A verbatim printing of the entries that follow is needed; pictures must not appear in it.

= Records for this task =
◆ ◆ ◆ ◆ ◆
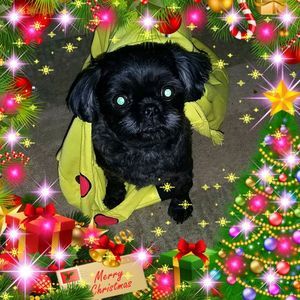 Meet your Posher, Jodi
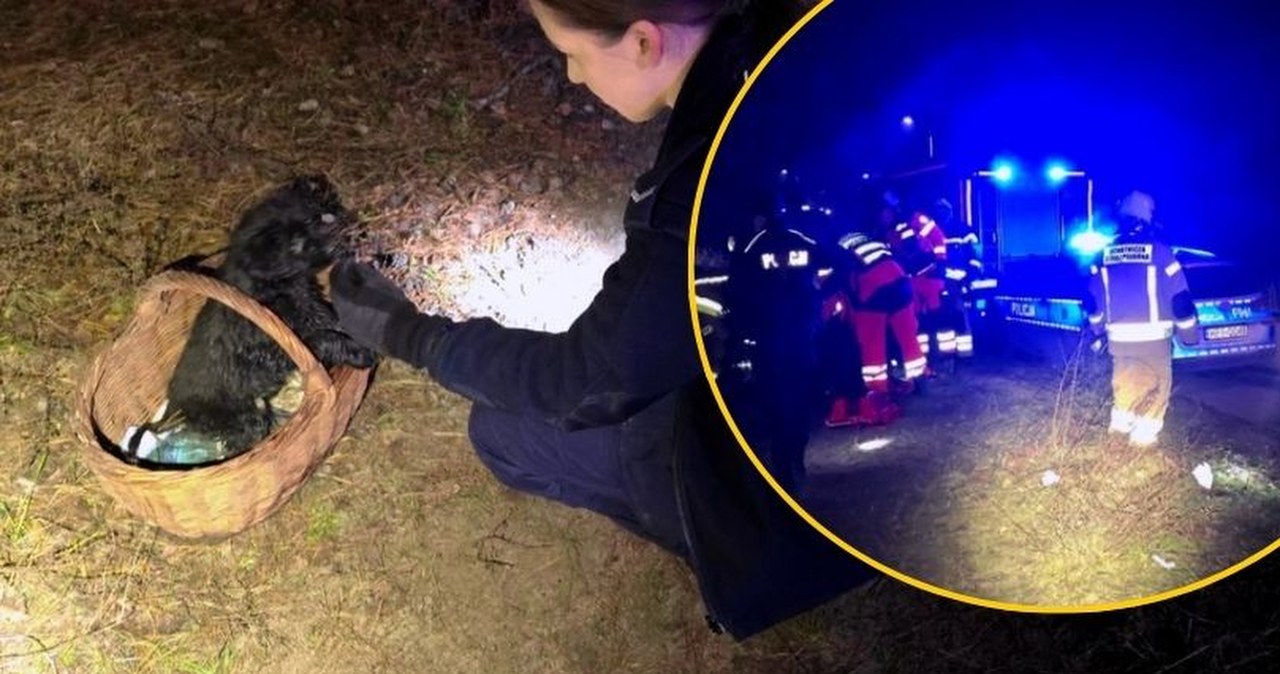 Pies uratował mu życie. Dramatyczna akcja ratunkowa w lesie pod Skierniewicami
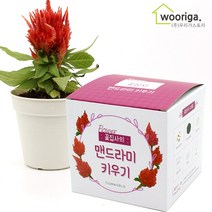 우리가스토리 미니화분키우기 꽃 화초 공기정화식물 새싹 허브 텃밭 코스모스 안개꽃, 1팩, 꽃집사_맨드라미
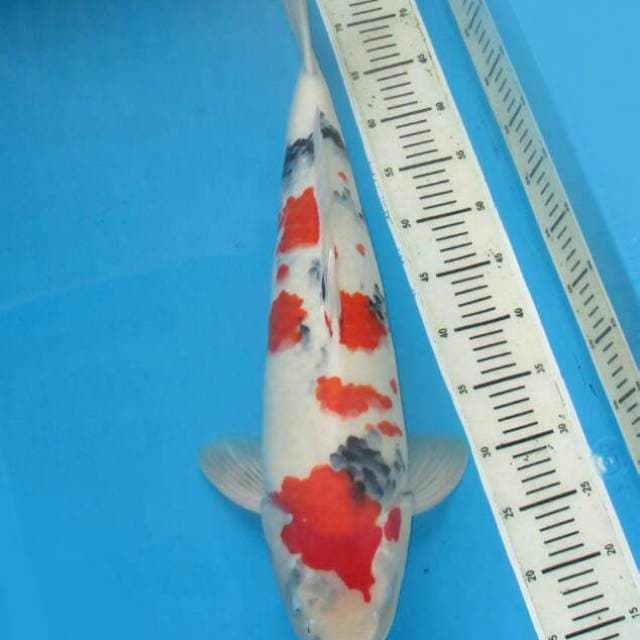 Jumbo nisai showa sakura ( ket kepala agak kurang simetris )
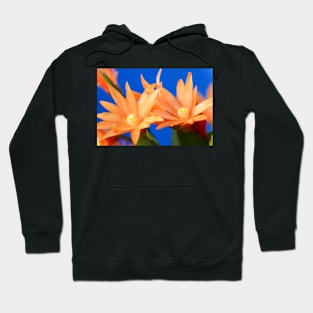 Rhipsalidopsis  Easter cactus Hoodie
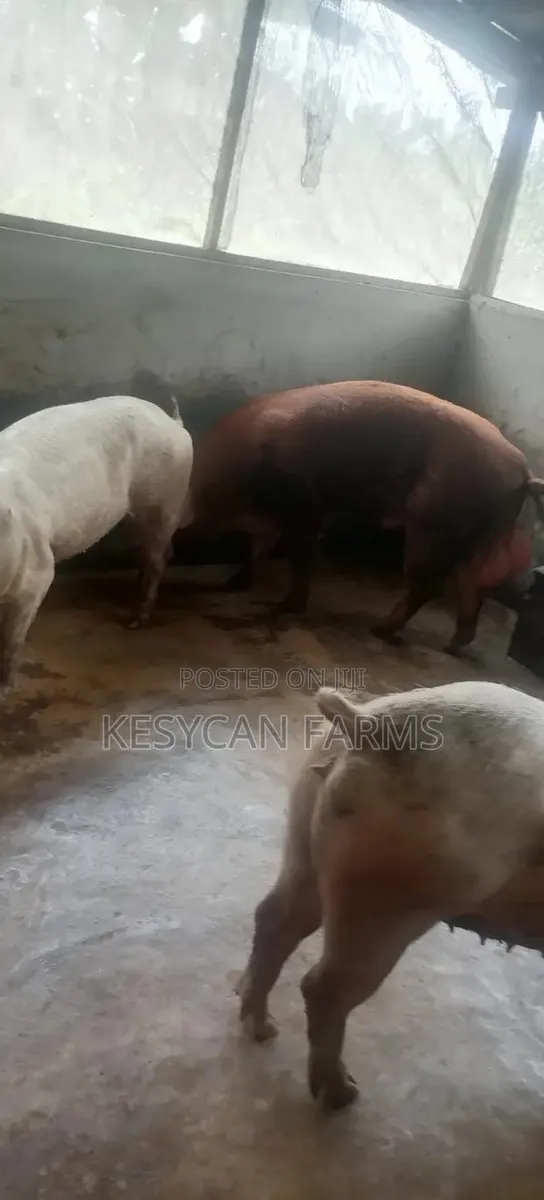 Boar and Sows - Pigs · Photo 1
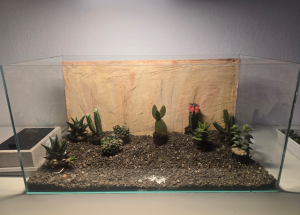 Zwischen-Ansicht Frontansicht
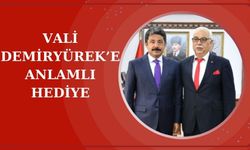 Emekli öğretmenden Vali Demiryürek'e anlamlı akrostiş şiir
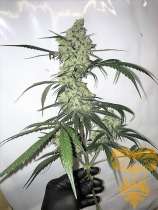 Real Gorilla Seeds Auto Whitey Freeze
◆ ◆ ◆ ◆ ◆
= Answer =
 Meet your Posher, Jodi
 Pies uratował mu życie. Dramatyczna akcja ratunkowa w lesie pod Skierniewicami
 우리가스토리 미니화분키우기 꽃 화초 공기정화식물 새싹 허브 텃밭 코스모스 안개꽃, 1팩, 꽃집사_맨드라미
 Jumbo nisai showa sakura ( ket kepala agak kurang simetris )
 Rhipsalidopsis  Easter cactus Hoodie
 Boar and Sows - Pigs · Photo 1
 Zwischen-Ansicht Frontansicht
 Emekli öğretmenden Vali Demiryürek'e anlamlı akrostiş şiir
 Real Gorilla Seeds Auto Whitey Freeze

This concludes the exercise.